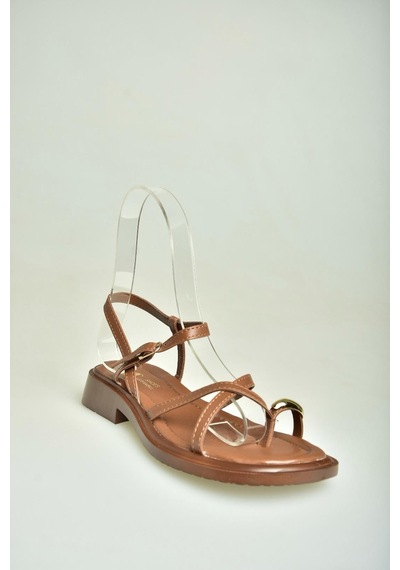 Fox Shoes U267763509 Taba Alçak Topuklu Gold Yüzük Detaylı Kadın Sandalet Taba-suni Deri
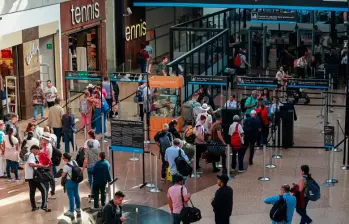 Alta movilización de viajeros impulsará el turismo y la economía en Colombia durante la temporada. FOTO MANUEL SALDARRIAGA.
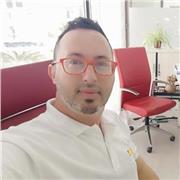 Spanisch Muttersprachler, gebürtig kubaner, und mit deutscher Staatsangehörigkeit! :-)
---
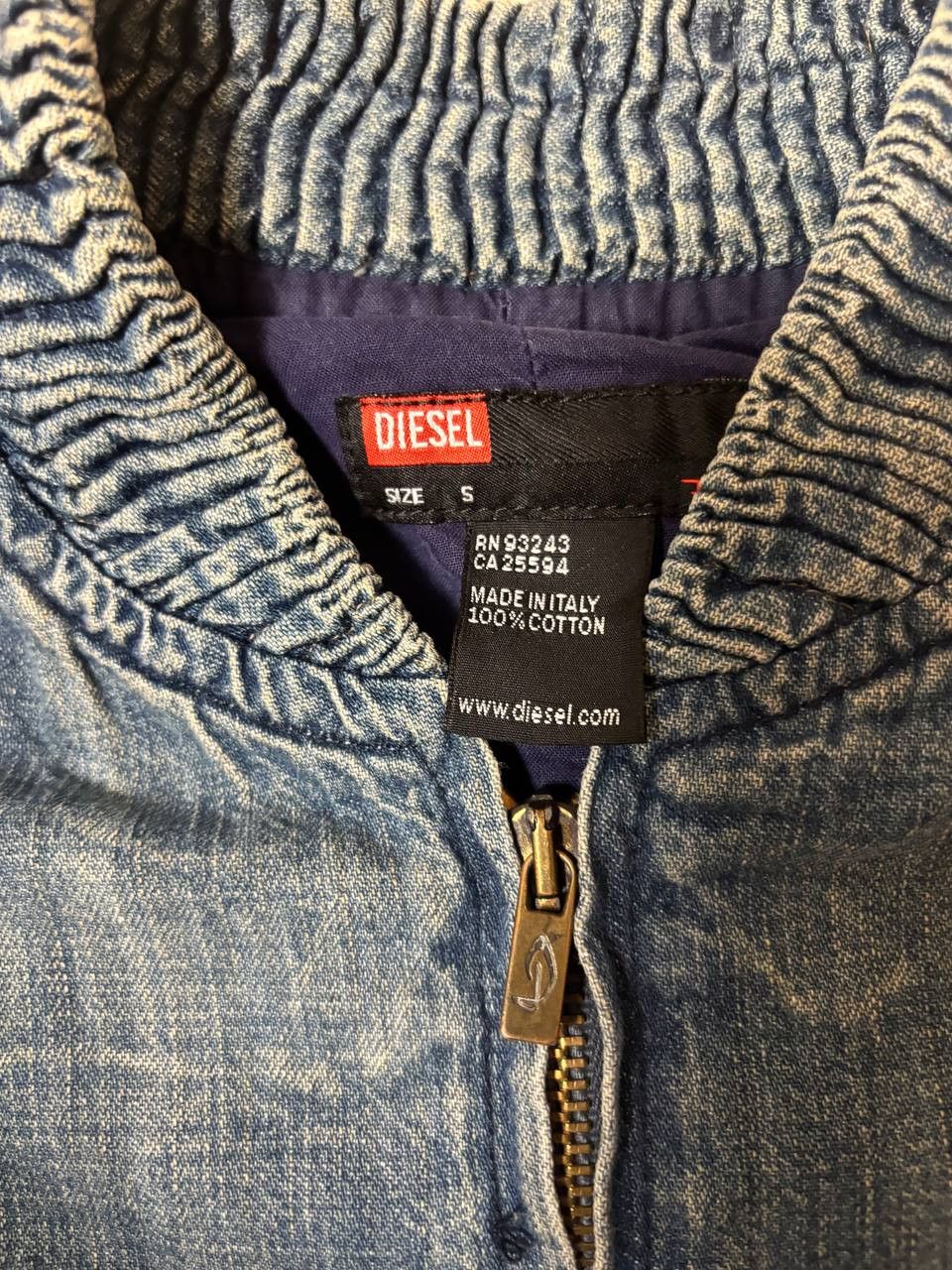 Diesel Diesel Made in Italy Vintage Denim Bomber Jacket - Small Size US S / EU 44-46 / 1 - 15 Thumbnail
--
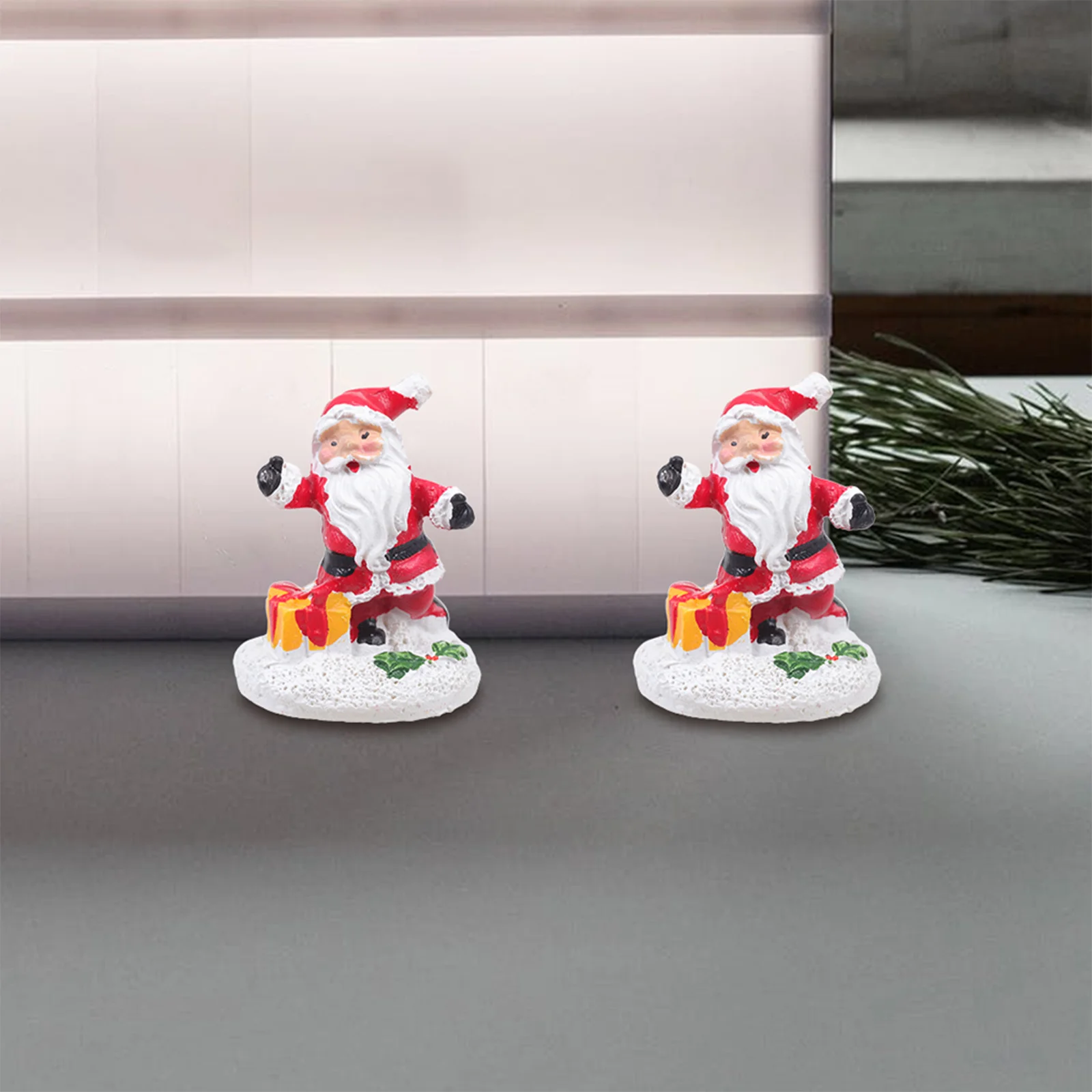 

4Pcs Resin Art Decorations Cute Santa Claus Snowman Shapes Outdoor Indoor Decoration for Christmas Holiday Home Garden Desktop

■ What you should do
The material above holds pictures; leave them out. Repeat exactly the lines from the one containing "Fox Shoes U267763509" through the one containing "Spanisch Muttersprachler, gebürtig", and nothing else.

■ Solution for this task
 Fox Shoes U267763509 Taba Alçak Topuklu Gold Yüzük Detaylı Kadın Sandalet Taba-suni Deri
 Alta movilización de viajeros impulsará el turismo y la economía en Colombia durante la temporada. FOTO MANUEL SALDARRIAGA.
 Spanisch Muttersprachler, gebürtig kubaner, und mit deutscher Staatsangehörigkeit! :-)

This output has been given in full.